- Barbariga Location within Croatia
- Country: Croatia
- County: Istria County
- Municipality: Vodnjan

Population (2021)
- • Total: 0
- Time zone: UTC+1 (CET)
- • Summer (DST): UTC+2 (CEST)

= Barbariga, Croatia =

Hamlet in Croatia

Barbariga is a hamlet, administratively part of village of Peroj in the Town of Vodnjan, Istria, west Croatia. It is located near the Barbariga peninsula or Punta Cissana (named after the lost ancient settlement of Cissa), 22 km northwest of Pula, northwest of Fažana and Vodnjan and southwest of Bale.

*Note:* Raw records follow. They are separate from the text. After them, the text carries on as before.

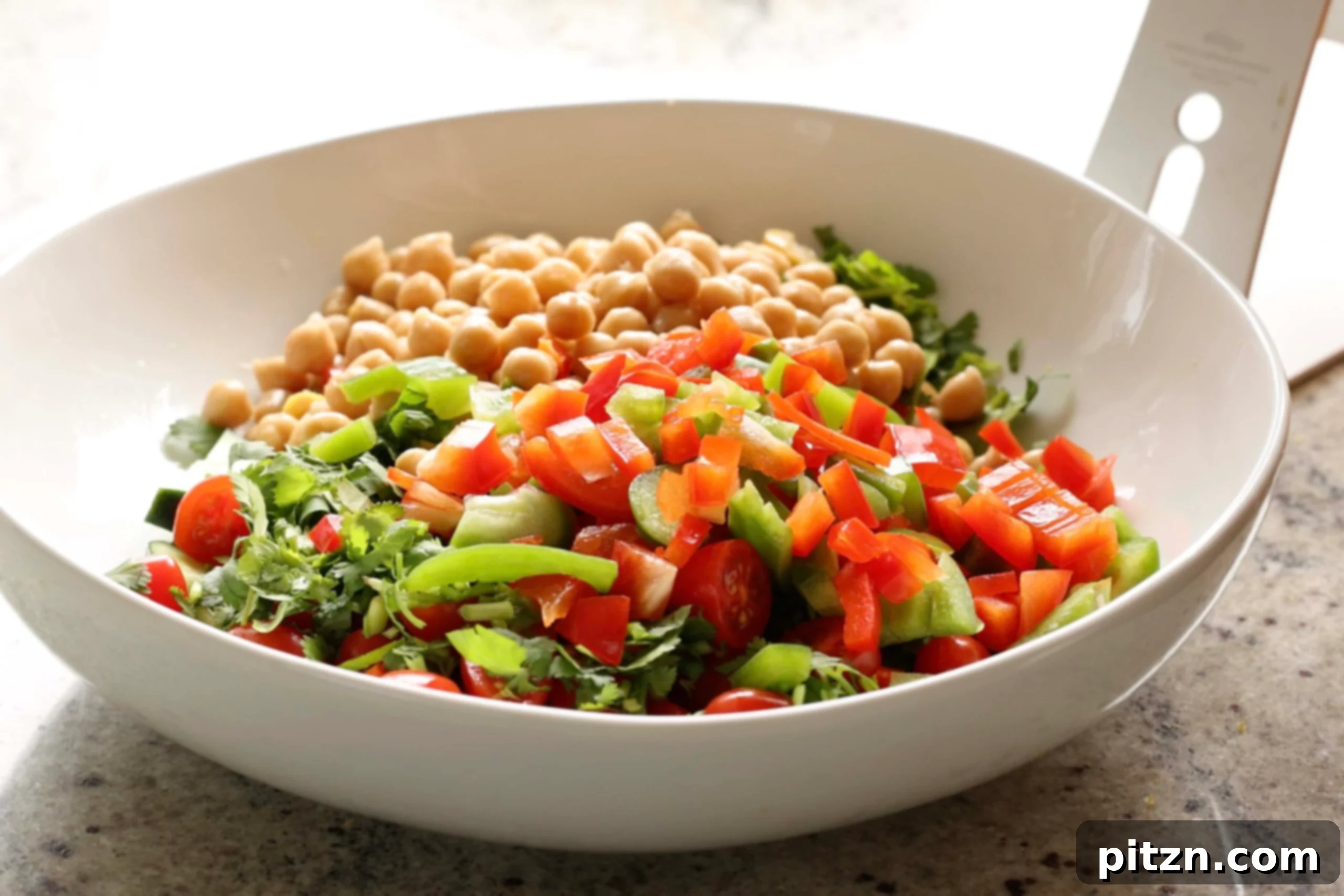 Balela Fresh Herby Chickpea and Garden Delight 8 Adding chickpeas to a bowl with other salad ingredients, demonstrating the first step in preparation.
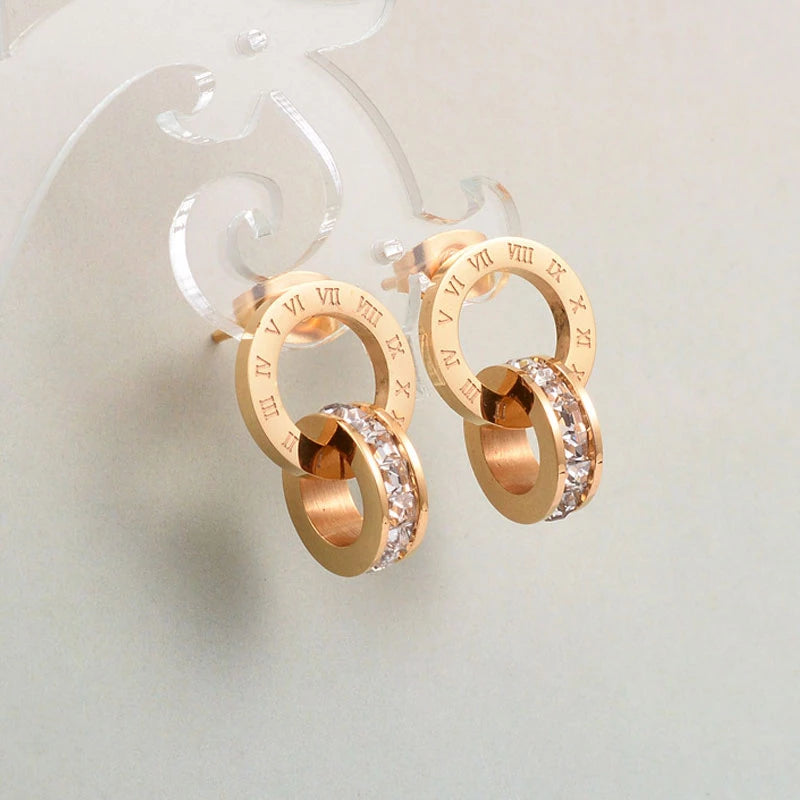 boucles d'oreilles avec chiffres romains et zircons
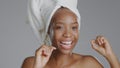 Portrait, beauty and dental floss with a happy black woman in studio on a gray background for natural wellness. Oral Royalty Free Stock Photo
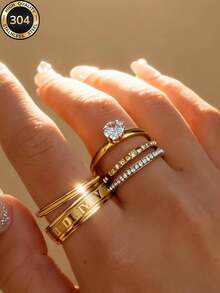 Bộ nhẫn Znice 2026 mới, mạ vàng 18K, thép không gỉ, thiết kế tối giản, đính đá lấp lánh toàn bộ hình hoa, có thể đeo chồng lên nhau, thích hợp cho tiệc tùng, làm quà tặng, đeo hàng ngày, nhiều dịp khác nhau, làm trang sức, chống thấm nước và chống phai màu, thích hợp đeo khi đi biển. - Vàng 4 - Xem 12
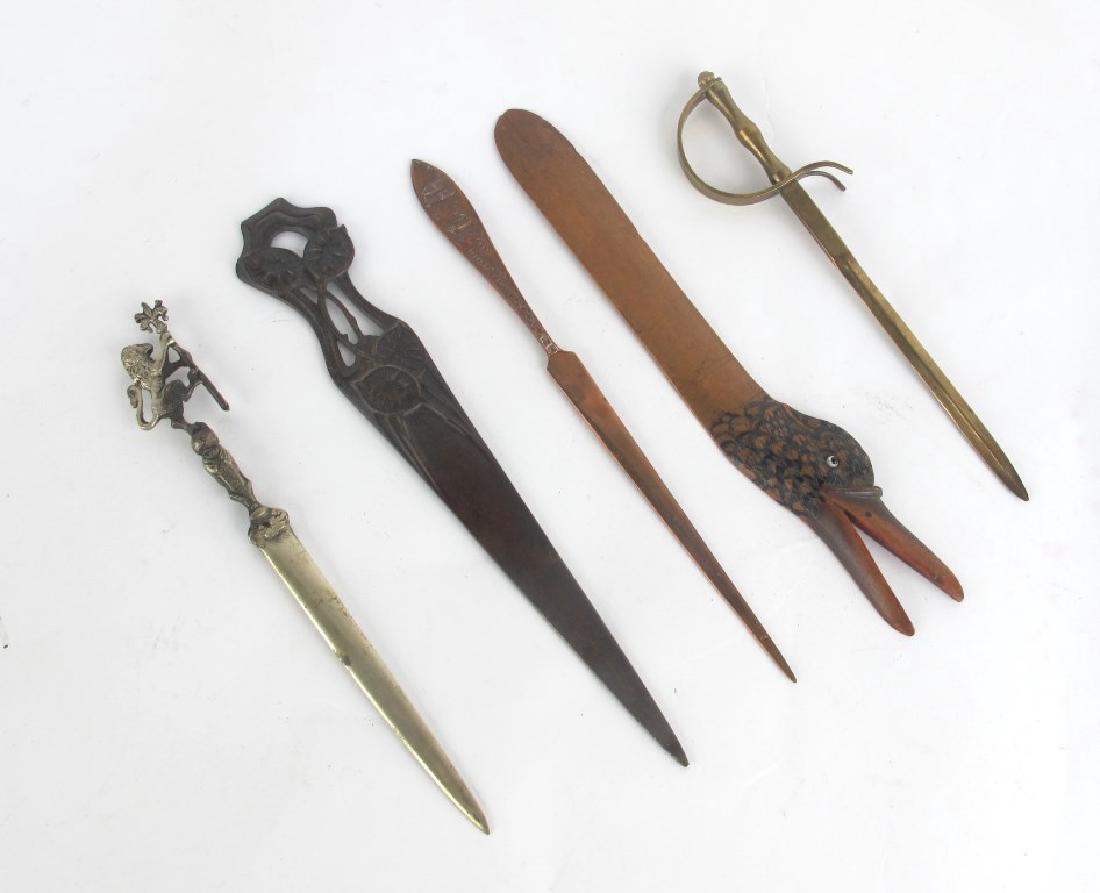 Tiffany Studios Letter Opener and More: Grouping of letter openers including one carved wood duck, one Chicago souvenir, one Tiffany Studios with foliate motif, and more. Various sizes. Various Measurements: Various Notes: Please carefully 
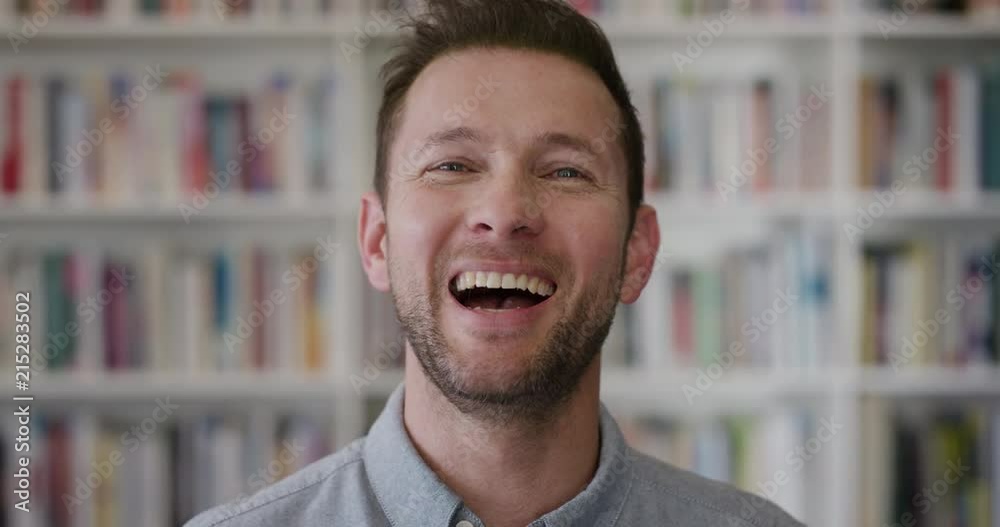 portrait happy caucasian man teacher laughing enjoying successful education career lifestyle in bookshelf library background portrait happy caucasian man teacher laughing enjoying successful education career lifestyle in bookshelf library background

Apart from the actual village of Barbariga (which comprises a small shopping/restaurant centre and a modest housing estate) the area is virtually unpopulated. It boasts a coastline backed by (relatively) flat land, which is unusual in this part of Croatia, where the mountains generally crash straight into the sea. As of 2006, there was a major plan afoot to build Croatia's first integrated resort by 2013. This will comprise a luxury hotel that will include a spa, wellness center and meeting facilities; a variety of residential offerings totaling more than 460 units; a 350-berth marina; and an 18-hole golf course designed by Jack Nicklaus.